When I was a child, I always looked forward to the long, lazy days the summer brought. No alarm clocks to wake me up, no homework to finish every night and lax bedtimes. But in the publishing business, summer is one of the busiest times of the year.
In my mind I always marked the beginning of the busy summer season when I handed out assignments for whatever summer supplement we had concocted, next came the traditional Fourth of July and apple pie features, followed by election coverage for local primaries, followed by runoffs that always seemed to coincide with the release of the No Child Left Behind scores. Of course, that was the same week school started and we wrapped up the Back to School tab. Then it’s Labor Day and another summer is over.
Mixed into the summer crunch is the barrage of resumes and clips from the newly graduated from J-School. Few summer days would go by without at least a couple resumes arriving in the mail.

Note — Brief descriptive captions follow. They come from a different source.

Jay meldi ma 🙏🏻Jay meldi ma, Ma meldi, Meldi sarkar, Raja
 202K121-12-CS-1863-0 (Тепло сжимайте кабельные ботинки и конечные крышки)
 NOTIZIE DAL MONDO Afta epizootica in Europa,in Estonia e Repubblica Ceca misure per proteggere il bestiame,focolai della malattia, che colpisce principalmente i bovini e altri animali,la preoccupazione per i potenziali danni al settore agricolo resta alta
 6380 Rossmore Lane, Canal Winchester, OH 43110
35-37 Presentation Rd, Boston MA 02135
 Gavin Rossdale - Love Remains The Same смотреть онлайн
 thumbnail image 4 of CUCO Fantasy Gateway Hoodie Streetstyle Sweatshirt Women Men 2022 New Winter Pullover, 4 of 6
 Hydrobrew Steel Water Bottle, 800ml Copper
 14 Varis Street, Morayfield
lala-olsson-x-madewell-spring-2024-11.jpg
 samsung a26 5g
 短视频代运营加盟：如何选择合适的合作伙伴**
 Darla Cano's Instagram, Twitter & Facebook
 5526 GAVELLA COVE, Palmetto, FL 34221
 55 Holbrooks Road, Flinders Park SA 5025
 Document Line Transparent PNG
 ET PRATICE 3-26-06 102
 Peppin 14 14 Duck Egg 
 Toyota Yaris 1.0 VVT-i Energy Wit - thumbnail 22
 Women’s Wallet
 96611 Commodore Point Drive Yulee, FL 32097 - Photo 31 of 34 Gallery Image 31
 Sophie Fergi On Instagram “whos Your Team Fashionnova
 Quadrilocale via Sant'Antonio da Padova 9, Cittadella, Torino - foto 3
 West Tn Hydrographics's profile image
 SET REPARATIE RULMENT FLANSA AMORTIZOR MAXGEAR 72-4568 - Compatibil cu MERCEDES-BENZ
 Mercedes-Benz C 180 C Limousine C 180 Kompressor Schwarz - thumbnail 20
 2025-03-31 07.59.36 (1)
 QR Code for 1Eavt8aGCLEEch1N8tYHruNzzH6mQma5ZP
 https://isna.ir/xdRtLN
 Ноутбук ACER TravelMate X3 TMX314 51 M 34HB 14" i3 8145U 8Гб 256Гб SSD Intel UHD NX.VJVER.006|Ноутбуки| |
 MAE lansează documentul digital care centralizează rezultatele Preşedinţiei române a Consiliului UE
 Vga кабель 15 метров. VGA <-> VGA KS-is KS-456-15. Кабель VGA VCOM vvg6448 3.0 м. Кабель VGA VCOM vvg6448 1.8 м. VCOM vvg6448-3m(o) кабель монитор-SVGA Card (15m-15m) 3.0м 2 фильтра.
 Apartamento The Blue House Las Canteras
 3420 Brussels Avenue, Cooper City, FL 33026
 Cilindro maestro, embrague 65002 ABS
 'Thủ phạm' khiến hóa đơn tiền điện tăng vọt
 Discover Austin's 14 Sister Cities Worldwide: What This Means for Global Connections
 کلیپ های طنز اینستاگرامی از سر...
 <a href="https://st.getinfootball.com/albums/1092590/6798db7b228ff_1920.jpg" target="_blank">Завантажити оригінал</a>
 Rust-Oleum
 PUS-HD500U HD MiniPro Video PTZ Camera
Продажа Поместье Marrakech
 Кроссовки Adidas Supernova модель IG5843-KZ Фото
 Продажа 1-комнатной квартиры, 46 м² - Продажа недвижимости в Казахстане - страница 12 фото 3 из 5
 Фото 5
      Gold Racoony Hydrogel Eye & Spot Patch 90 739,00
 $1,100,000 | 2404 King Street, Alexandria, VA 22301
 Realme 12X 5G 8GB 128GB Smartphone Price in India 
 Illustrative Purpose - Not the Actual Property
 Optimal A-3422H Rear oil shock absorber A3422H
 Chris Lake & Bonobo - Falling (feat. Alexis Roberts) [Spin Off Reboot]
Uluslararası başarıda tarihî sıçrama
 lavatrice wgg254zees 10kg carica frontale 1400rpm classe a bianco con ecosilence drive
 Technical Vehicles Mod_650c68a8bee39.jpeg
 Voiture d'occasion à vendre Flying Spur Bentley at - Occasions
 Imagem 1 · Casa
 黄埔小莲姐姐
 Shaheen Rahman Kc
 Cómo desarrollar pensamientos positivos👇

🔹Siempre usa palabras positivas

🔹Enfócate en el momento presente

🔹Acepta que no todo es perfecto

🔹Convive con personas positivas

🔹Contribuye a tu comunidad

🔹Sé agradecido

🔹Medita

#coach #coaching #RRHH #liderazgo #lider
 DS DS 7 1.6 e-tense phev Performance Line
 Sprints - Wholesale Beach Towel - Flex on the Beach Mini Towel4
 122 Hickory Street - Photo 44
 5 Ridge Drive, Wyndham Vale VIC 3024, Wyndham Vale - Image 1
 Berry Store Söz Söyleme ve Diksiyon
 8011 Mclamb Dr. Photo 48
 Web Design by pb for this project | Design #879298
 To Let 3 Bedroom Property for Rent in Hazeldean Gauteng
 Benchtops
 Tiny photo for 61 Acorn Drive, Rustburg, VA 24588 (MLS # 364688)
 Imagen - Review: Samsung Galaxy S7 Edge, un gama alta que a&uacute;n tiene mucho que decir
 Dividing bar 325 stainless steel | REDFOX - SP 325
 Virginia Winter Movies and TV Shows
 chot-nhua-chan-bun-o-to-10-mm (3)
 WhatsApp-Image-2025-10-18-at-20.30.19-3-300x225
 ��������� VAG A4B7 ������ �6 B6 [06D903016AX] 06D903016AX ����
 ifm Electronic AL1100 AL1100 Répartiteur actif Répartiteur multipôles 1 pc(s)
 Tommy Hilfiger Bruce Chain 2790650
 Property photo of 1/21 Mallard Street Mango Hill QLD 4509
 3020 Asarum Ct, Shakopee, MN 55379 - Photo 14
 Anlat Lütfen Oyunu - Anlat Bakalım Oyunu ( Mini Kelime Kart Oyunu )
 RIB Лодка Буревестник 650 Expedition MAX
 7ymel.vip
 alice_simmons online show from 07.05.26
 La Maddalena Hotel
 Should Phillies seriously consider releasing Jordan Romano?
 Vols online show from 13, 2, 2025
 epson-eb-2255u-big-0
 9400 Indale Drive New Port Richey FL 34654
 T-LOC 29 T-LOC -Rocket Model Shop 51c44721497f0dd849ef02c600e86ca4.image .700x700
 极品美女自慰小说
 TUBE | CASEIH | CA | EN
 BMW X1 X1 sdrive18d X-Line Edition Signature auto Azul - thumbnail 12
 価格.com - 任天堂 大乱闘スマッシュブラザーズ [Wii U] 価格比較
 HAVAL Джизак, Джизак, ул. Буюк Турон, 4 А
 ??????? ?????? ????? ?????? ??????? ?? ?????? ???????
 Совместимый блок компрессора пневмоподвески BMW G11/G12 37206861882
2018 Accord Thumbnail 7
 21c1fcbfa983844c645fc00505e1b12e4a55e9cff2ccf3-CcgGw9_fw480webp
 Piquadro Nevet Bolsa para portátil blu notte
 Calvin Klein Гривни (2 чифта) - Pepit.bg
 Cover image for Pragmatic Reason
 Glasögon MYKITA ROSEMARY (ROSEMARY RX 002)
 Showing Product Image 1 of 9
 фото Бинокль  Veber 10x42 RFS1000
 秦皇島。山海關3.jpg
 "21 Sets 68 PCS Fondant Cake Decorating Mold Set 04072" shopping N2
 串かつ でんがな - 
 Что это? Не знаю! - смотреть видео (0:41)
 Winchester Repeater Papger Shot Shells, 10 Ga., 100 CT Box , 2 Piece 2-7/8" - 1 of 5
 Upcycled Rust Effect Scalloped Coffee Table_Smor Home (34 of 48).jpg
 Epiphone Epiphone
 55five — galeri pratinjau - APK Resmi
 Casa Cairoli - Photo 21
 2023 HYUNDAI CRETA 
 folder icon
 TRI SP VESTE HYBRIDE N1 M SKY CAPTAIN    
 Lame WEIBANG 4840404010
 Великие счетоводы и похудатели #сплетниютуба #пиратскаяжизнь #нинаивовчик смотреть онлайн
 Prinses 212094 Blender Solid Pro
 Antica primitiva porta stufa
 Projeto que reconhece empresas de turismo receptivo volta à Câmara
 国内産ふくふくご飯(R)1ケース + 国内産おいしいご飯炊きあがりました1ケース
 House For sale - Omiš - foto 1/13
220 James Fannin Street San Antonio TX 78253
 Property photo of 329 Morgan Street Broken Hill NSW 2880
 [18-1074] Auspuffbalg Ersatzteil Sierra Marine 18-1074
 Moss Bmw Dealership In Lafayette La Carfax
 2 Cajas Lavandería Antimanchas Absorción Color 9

Through the years I developed my own system for quickly scanning through the stacks of resumes and either tossing them and setting them aside for consideration. For instance, if the applicant doesn’t spell the name of the publication or my name correctly, forget about it. Into the recycle bin it goes. The same goes if there are no clips.
The all-time most bizarre application I received came when I worked at a weekly newspaper in Lake Tahoe about 10 years ago. It was a simple, single-page letter handwritten on a piece of notebook paper that had been ripped out of the pad with those little pieces of paper frayed along its edge (a pet peeve of mine). In it, the individual misspelled my name and the name of the paper and stated that his qualifications were that he occasionally read the newspaper. I still have that letter in my stacks of files.
The best application came in the form of twice-monthly phone calls over the course of six months. A young man started to call me in January one year looking for a job for when he graduated in the spring. I politely told him I didn’t have an opening, but that he could send a resume with clips. He did and then followed it up with at least two phones calls every month to tell me how much he wanted a job and to ask about any openings. It got to the point where the receptionist would just say, “That kid is on the phone again.”
Well, six months later I had an opening and hired him. With that kind of persistence, that’s someone I wanted in the newsroom. He proved to a be a tenacious, hardworking and gifted journalist, and a good friend. Today, Charles Levinson is the Baghdad Bureau Chief for USA Today.
My point is that a good “resume” isn’t always what is on a piece of paper. And, sometimes, the mailing label can tell you everything you need to know.
On a practical note, I can’t stress enough about checking references by phone or e-mail. I stopped relying on written references when two stellar references – including one from an international newspaper company – proved to be a load of garbage.
I implore anyone who’s agreed to be a reference – don’t give a reference if you don’t believe in the person’s abilities. I can’t stress this enough. Don’t even agree to be listed unless you’re willing to give an accurate account of the individual’s job performance.
I prefer references over the phone if you can catch an editor on deadline for five minutes of questions. When that doesn’t work, send them an e-mail with five to six questions.
Two of my favorite reference questions to ask are: Would you rehire the individual and would you want this person to write a story about you or a family member. The answers will tell you a lot.